Copy out the lines beginning with the one that contains "社保断缴1次，这些待遇全部取消！" and ending with the last line below, exactly as they stand. Pictures are not copied.

## Provided data
────────────────────────────────────────

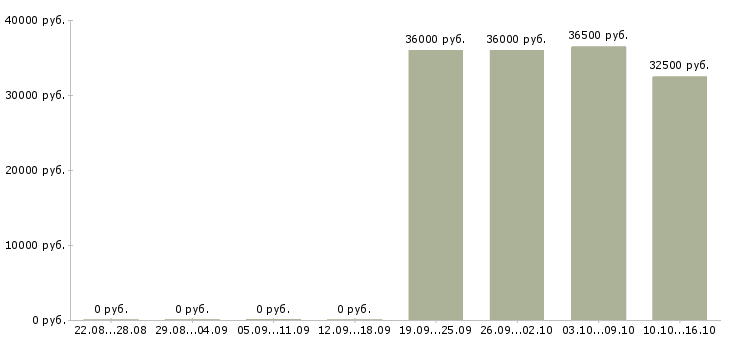 Вакансии требуется экономист Набережные челны - Медиана зарплат требуется экономист Набережные челны за 2 месяца
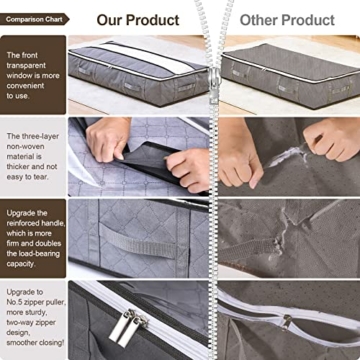 GoMaihe Unterbett Aufbewahrungsbox 3 Set Unterbettkommode Aufbewahrungstasche Unterbettbox Organizer mit Reißverschluss und Griff Faltbare Aufbewahrung für Kissen Kleidung Decken Bettdecken - 4
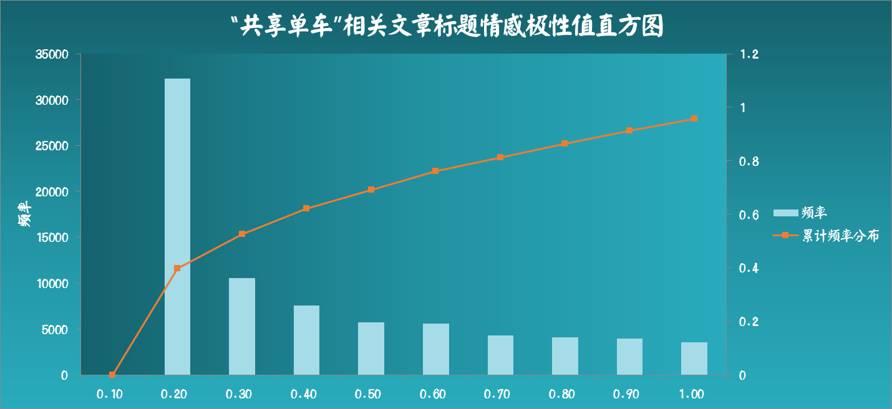 【干货】用大数据文本挖掘来看“共享单车”的行业现状及走势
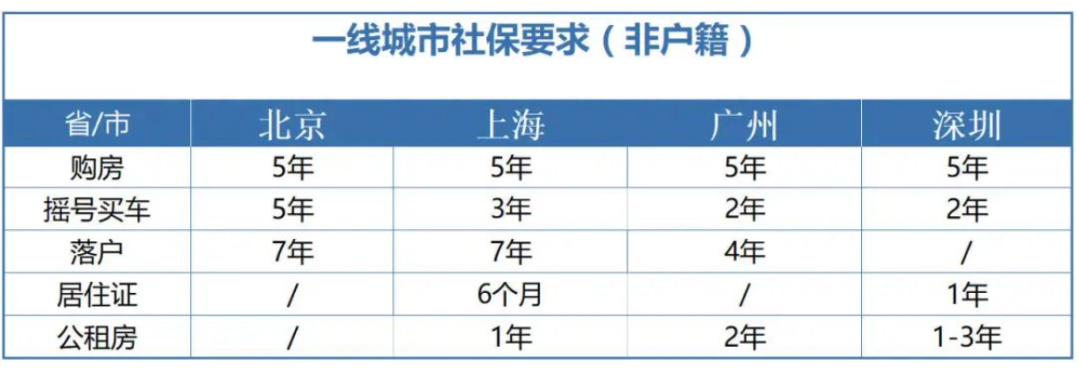 社保断缴1次，这些待遇全部取消！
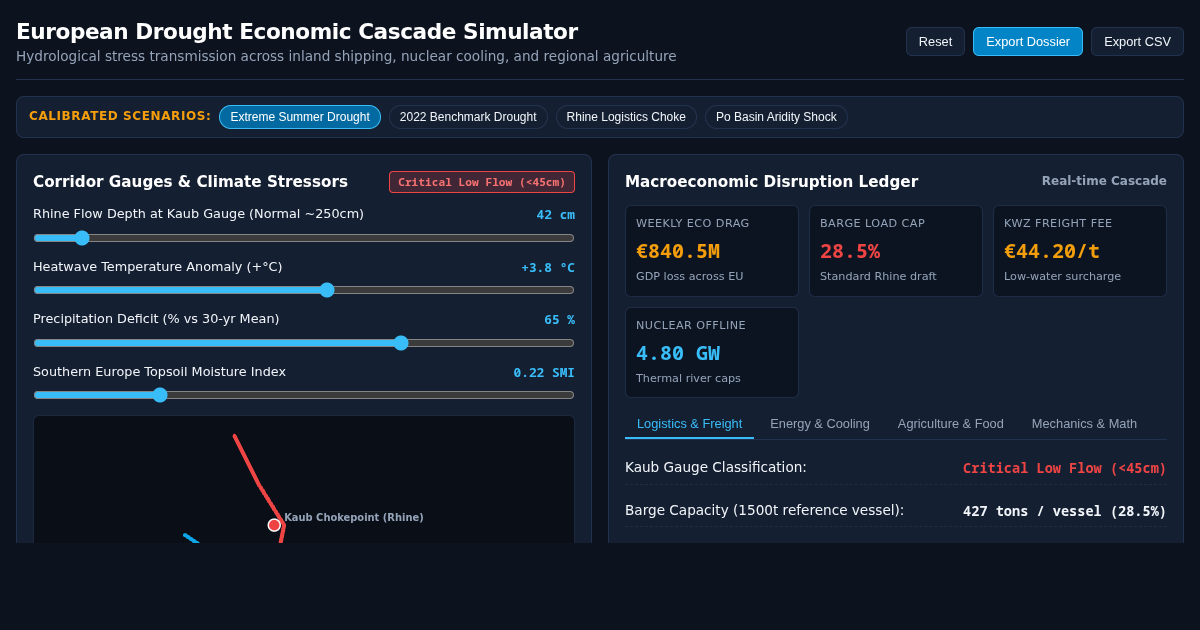 European Drought Economic Cascade Simulator preview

────────────────────────────────────────

## Answer to the exercise
 社保断缴1次，这些待遇全部取消！
 European Drought Economic Cascade Simulator preview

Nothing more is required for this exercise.